EXERCISE REQUIREMENTS. Exact copy, no pictures: every line from the one that contains "Dónde se menciona" through the end of the data below, and nothing else.

DATA EXCERPTS.
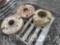 (7) MISC WEIGHTS (ALL 1 $) (WF)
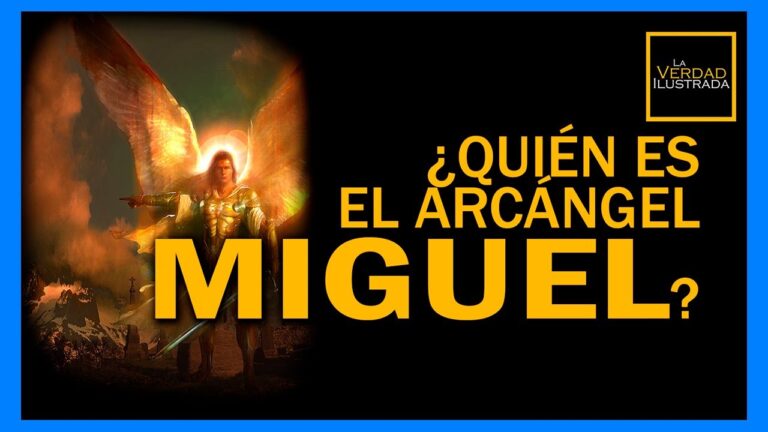 Dónde se menciona el Arcángel Miguel en la Biblia: Versículos y ...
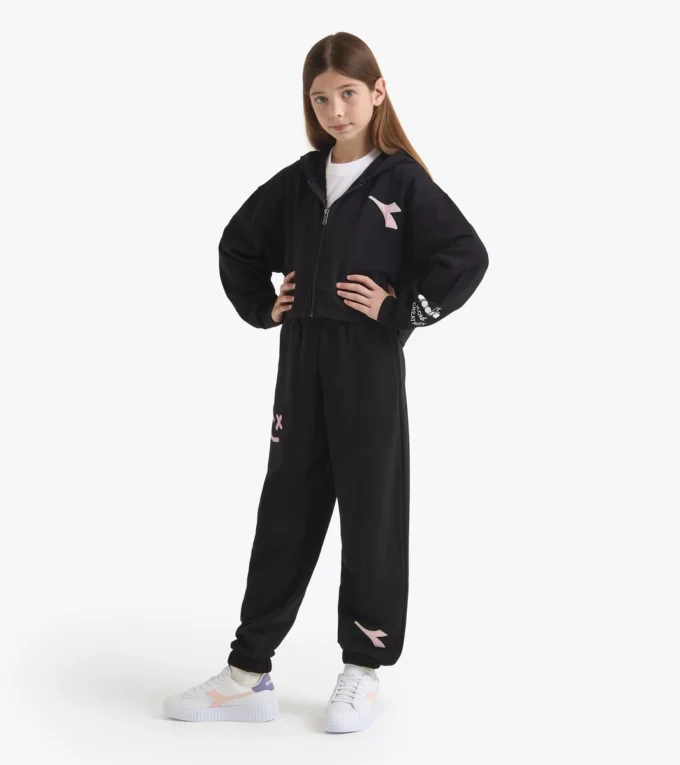 Jg. Jogger Pants Pink Smile Joggers – Fit comfort – Girl Jg. Jogger Pants Pink Smile Joggers – Fit comfort – Girl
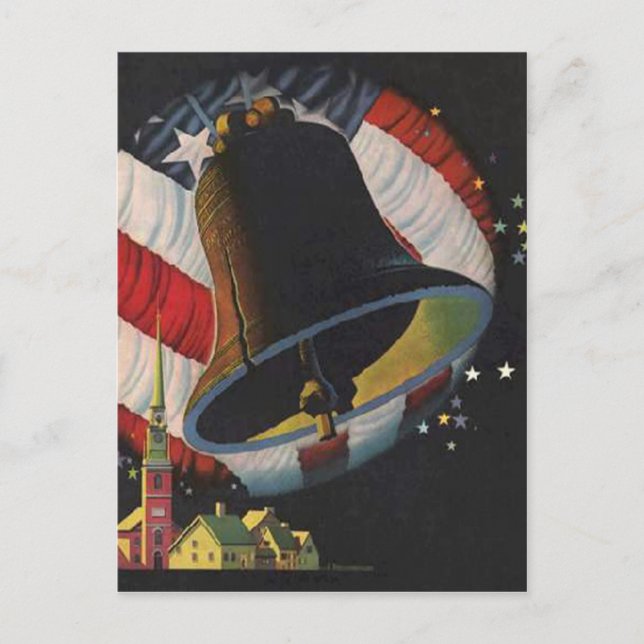 Postal 4 de julio (Anverso)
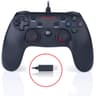 REDRAGON SATURN G807 Wired PC Game Controller Joystick Dual Vibration Saturn For PC,PS3,Playstation,Android product thumbnail 1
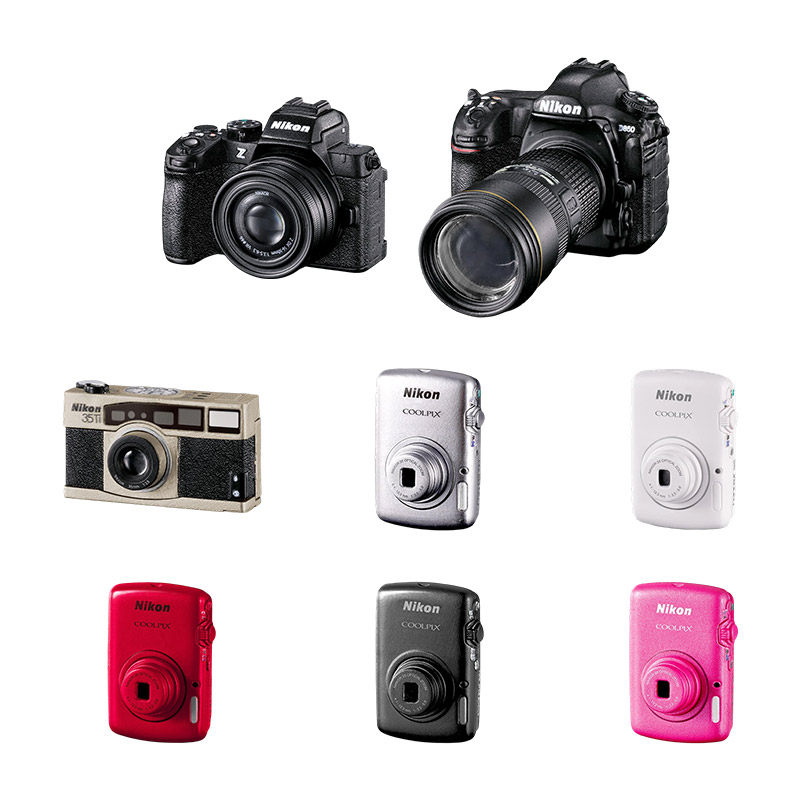 Bandai Miniature Camera Simula - Photography Simulator review and price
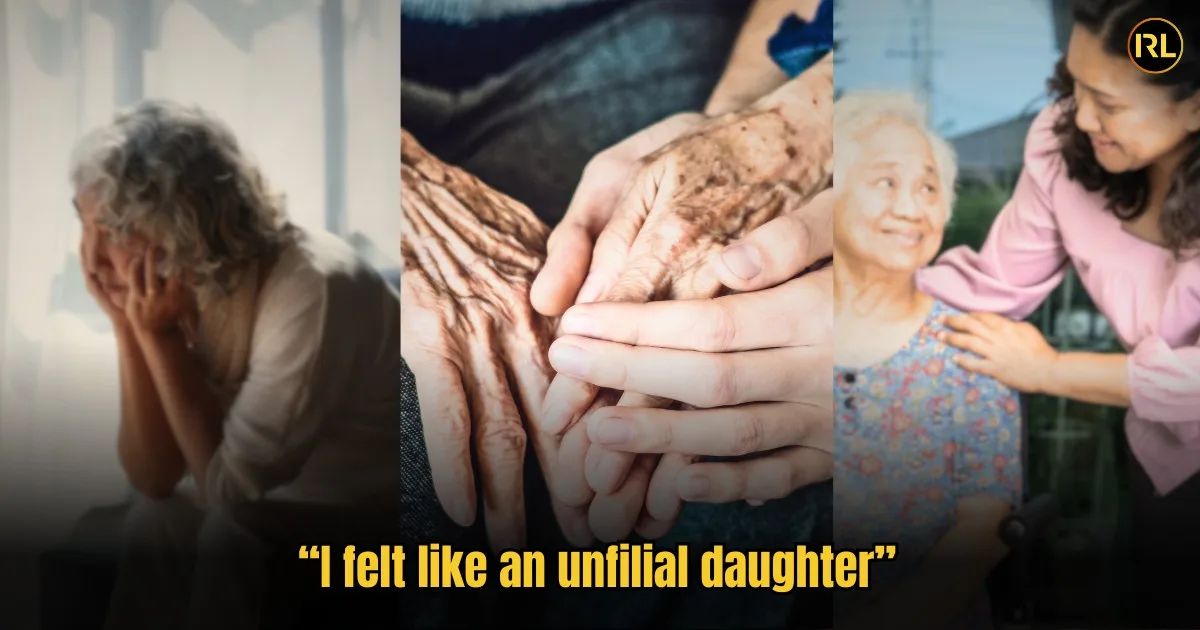 I Put My Mother In A Foster Home And It Was The Toughest Decision Of My Life 1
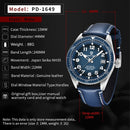 PAGANI DESIGN men automaticwatch Japan NH35A mens Mechanical watch waterproof 100M sport watch fashion clock  Relogio Masculino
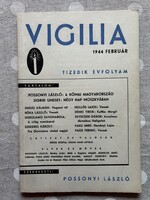 Vigilia folyóirat 1944. február (10. évf, 2. szám)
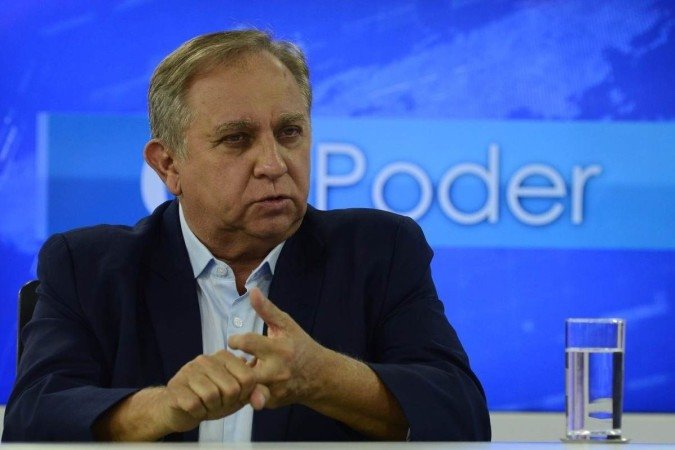 O senador também garantiu que não haverá interferências no Fundo Constitucional. - (crédito: Marcelo Ferreira/CB/D.A Press) O senador também garantiu que não haverá interferências no Fundo Constitucional. - (crédito: Marcelo Ferreira/CB/D.A Press)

RESULT OF THE TASK.
 Dónde se menciona el Arcángel Miguel en la Biblia: Versículos y ...
 Jg. Jogger Pants Pink Smile Joggers – Fit comfort – Girl Jg. Jogger Pants Pink Smile Joggers – Fit comfort – Girl
 Postal 4 de julio (Anverso)
 REDRAGON SATURN G807 Wired PC Game Controller Joystick Dual Vibration Saturn For PC,PS3,Playstation,Android product thumbnail 1
 Bandai Miniature Camera Simula - Photography Simulator review and price
 I Put My Mother In A Foster Home And It Was The Toughest Decision Of My Life 1
 PAGANI DESIGN men automaticwatch Japan NH35A mens Mechanical watch waterproof 100M sport watch fashion clock  Relogio Masculino
 Vigilia folyóirat 1944. február (10. évf, 2. szám)
 O senador também garantiu que não haverá interferências no Fundo Constitucional. - (crédito: Marcelo Ferreira/CB/D.A Press) O senador também garantiu que não haverá interferências no Fundo Constitucional. - (crédito: Marcelo Ferreira/CB/D.A Press)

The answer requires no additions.